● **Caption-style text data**
○ ○ ○

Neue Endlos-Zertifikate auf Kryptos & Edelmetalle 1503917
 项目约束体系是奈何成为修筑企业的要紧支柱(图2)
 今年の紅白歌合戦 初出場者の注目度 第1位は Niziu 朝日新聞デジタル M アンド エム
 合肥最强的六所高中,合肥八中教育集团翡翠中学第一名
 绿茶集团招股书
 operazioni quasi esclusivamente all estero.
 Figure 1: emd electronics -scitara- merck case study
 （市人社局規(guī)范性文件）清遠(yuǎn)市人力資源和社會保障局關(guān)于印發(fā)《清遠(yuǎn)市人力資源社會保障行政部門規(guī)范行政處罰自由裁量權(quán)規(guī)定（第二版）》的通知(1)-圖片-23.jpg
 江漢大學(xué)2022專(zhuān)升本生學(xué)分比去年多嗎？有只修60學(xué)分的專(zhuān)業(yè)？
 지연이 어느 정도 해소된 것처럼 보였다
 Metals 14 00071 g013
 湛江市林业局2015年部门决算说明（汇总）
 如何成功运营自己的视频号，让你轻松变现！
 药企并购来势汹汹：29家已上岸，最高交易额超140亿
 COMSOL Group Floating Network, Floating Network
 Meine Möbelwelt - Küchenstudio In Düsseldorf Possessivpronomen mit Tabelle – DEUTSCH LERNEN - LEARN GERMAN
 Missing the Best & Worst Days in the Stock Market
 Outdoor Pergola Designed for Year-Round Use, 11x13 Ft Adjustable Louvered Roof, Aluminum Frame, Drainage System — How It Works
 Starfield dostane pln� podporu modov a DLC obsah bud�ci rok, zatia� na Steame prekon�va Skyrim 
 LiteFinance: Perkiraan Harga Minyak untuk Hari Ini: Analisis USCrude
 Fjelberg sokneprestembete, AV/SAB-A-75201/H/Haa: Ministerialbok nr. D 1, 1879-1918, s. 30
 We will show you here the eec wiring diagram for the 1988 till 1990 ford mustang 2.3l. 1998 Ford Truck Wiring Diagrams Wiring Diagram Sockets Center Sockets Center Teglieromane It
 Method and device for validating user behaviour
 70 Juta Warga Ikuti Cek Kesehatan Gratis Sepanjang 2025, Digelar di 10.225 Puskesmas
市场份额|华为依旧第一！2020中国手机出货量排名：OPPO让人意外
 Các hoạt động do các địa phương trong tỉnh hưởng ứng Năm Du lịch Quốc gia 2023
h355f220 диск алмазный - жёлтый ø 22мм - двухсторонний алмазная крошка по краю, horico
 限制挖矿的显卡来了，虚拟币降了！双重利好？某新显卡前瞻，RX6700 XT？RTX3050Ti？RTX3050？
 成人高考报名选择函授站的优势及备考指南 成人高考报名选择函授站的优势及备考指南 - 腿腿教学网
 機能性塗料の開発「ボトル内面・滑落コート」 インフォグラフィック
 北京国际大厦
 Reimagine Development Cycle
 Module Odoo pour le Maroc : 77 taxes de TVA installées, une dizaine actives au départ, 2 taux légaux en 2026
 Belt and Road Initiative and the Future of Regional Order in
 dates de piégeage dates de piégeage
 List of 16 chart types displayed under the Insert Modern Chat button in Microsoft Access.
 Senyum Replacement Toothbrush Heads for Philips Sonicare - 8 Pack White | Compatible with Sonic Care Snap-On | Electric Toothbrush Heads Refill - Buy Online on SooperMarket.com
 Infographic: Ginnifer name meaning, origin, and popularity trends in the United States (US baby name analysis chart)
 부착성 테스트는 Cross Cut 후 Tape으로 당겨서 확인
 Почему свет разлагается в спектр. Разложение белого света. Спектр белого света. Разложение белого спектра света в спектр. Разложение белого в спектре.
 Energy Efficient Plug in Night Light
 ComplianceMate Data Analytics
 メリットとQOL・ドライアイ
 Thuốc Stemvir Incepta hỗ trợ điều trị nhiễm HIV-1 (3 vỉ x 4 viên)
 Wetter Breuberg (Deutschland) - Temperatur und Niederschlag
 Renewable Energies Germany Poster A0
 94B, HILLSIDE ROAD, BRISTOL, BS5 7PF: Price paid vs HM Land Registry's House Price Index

○ ○ ○

● **TRY IT**
Output the line bearing "Renewable Energies Germany Poster A0" along with all the lines after it through the end of the entries, exactly, and no other lines.

● **ANSWER SECTION**
 Renewable Energies Germany Poster A0
 94B, HILLSIDE ROAD, BRISTOL, BS5 7PF: Price paid vs HM Land Registry's House Price Index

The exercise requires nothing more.